しわになりにくい素地の服だということで、小夜子も久しぶりに武蔵に触れられるとウキウキしてくる。
しかし武蔵の体を感じたとたん、あまりの痩身ぶりに驚かされた。
たしかに腕にしろ足にしろ、細くなっていることは見ていた。
が、直接に小夜子の体全体で感じる物とは異質のものだった。
“こんなに痩せ細ってるの? ううん、だいじょうぶ。退院したらしっかりと栄養を摂らせるから”
小夜子のそんな思いを推し量ってか、
「小夜子。病院食ってのは、精進料理そのものだな。
まるで脂っ気がないぞ。ああ、中華そば食いたい、ステーキもがっつりといきたいぞ」
と、両手を合わせてお願いポーズを見せた。
「分かったわよ、わかった」と、武蔵の手をふとんの中に収めたとたんに、
“やっぱりだわ、熱がある。勝子さんと同じだわ。
良くなったと思ってたのに、あのあと……”
「あなた! しっかりと治療を受けてよ。武士が一人前になるまで、しっかりと」
母親が子どもを叱るように、ひと言ひと言に力をこめた。
武蔵はそんな小夜子のことばには答えずに、淡いベージュ色の天井を見つめたまま
「おまえ、ピグバンドが好きだったな。そのなかで、どの楽器が好きだ?」と、唐突な問いかけをした。
「トランペット!」
間髪を入れずに答えた。なにか重大な意味がありそうにも思えるし、
“ひょっとして、性格占いのような本でも読んだ? それとも、自己啓発本のようなこと?”

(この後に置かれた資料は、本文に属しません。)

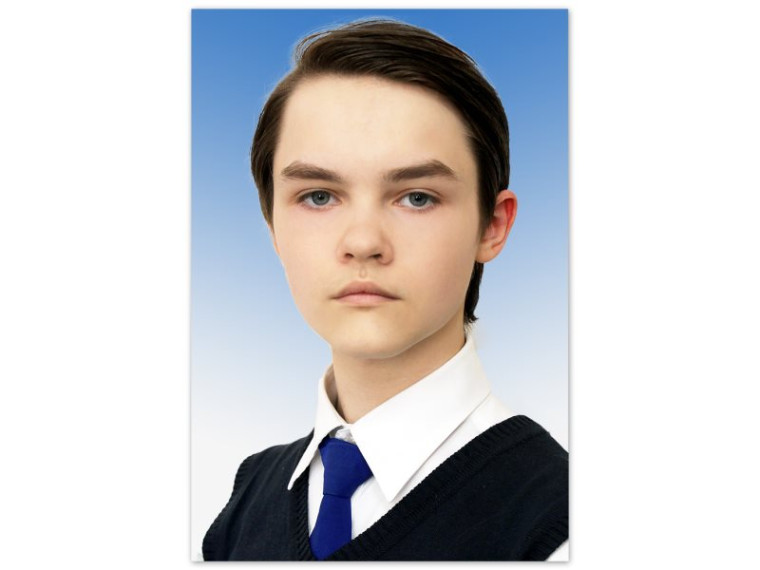 Денис Видяев.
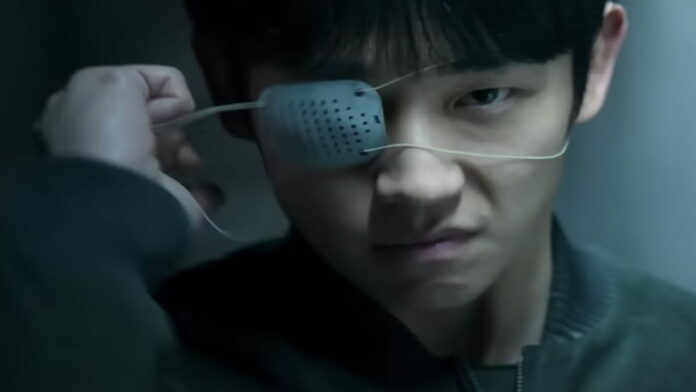 Sinopsis Drama Connect, Mencari Separuh Mata yang Hilang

と、疑問が湧いてくるけれども、ただ単に話のとっかかりなのかとも思える。
「そうか、思ったとおりだ。だから俺に惚れたんだな。
俺も名、トランペットだ。というよりも、俺自身がトランペットなんだよ。
トランペットを目指したんだ。意味不明か?
突撃隊長だ、猪突猛進だ。なにがなんでも、前に行く。
未来を明るく照らして、他の楽器を引っぱるんだ」
手を宙に舞わせながら、ことばが止まらない。人差し指を唇にあて、他の指を両手の指を上下させながら、「ぷっぷっぷっ、パッパッパラパ」と声を出す。

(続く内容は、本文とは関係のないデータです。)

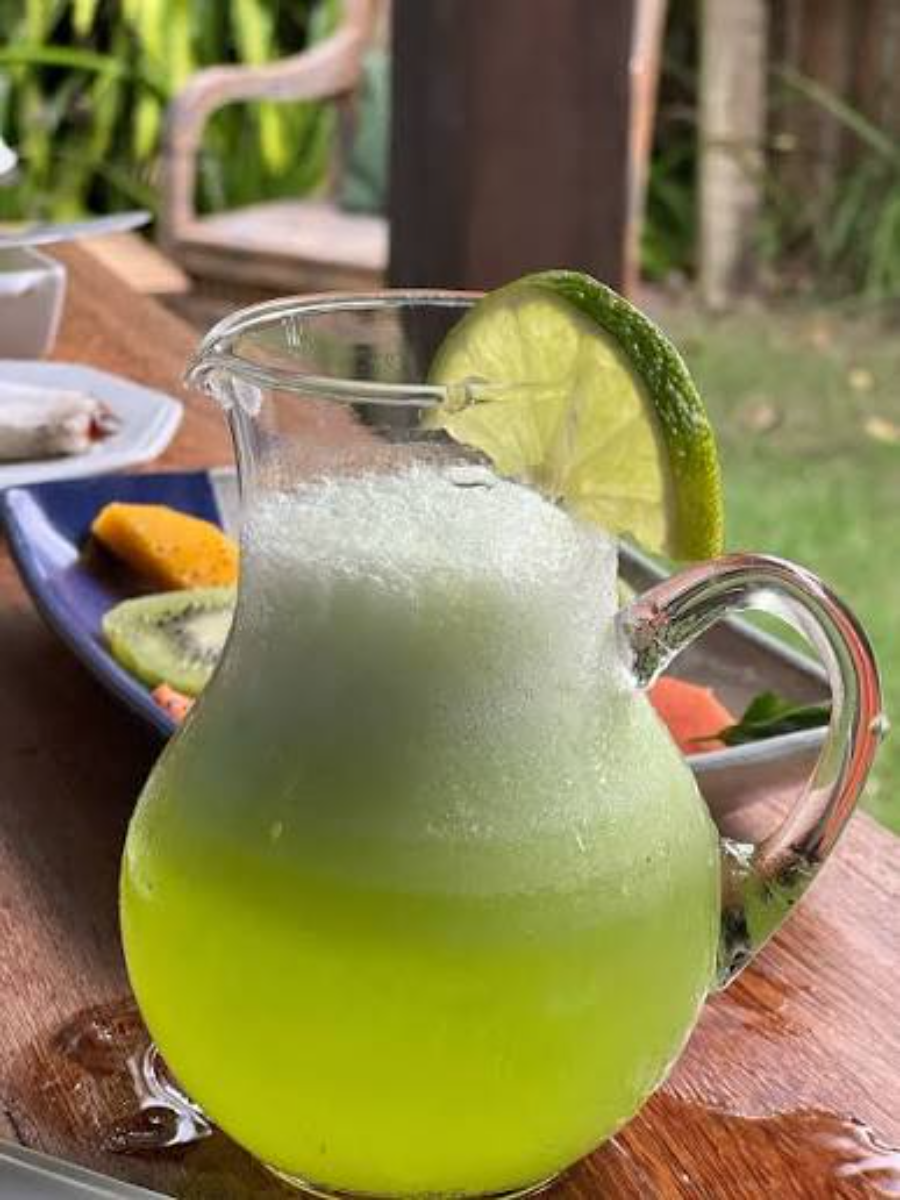 SUCO LIMAO JARRA 1,5L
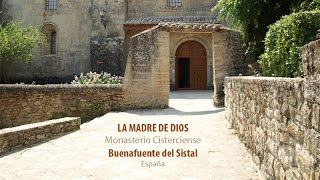 Documental Monasterio Buenafuente del Sistal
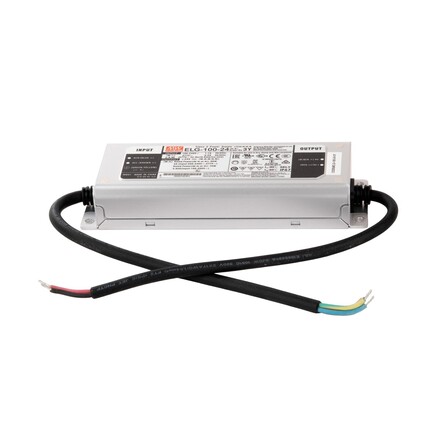 MeanWell Driver ELG CV 24V 100W nestmívatelný IP67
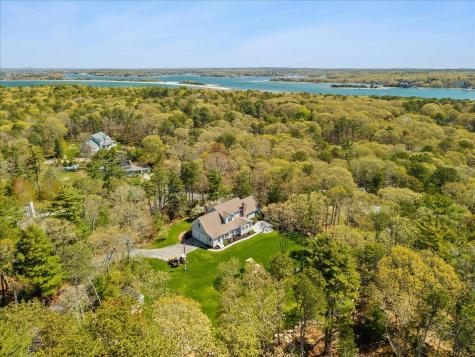 2 Boulder Road Bourne MA 02534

「前に、まえに、だ。大きな音をひびかせて、静寂なんてしったことじゃない。
とにかくやかましい。やかましいけれども、気分が盛り上がるんだ。行け、いけ、いけえ! だ。
俺はそうやって生きてきた。
小夜子。お前には寂しい思いもさせたな。人混みがだめな俺は、いつもお前を放り出してしまった。

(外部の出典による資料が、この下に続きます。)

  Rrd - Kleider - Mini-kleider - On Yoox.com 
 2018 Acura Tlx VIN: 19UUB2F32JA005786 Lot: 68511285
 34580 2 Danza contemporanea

小っちゃい頃にな、押しくらまんじゅうをした。そのときに、体が小っちゃかった俺は、いつも悪ガキどもにいじめられた。
軍隊では、二枚目の俺をにやけた奴だと、またやられた。
役者連中といっしょに、厠に閉じ込められたこともあった。
それらが思いだされるんだよ、人混みに入っちまうと」
これまでの武蔵の人生を振り返るがごとに話す。
俺を覚えておいてくれ、俺という人間を知っていてくれ、そう言わんばかりのことばの羅列が、小夜子の胸をえぐる。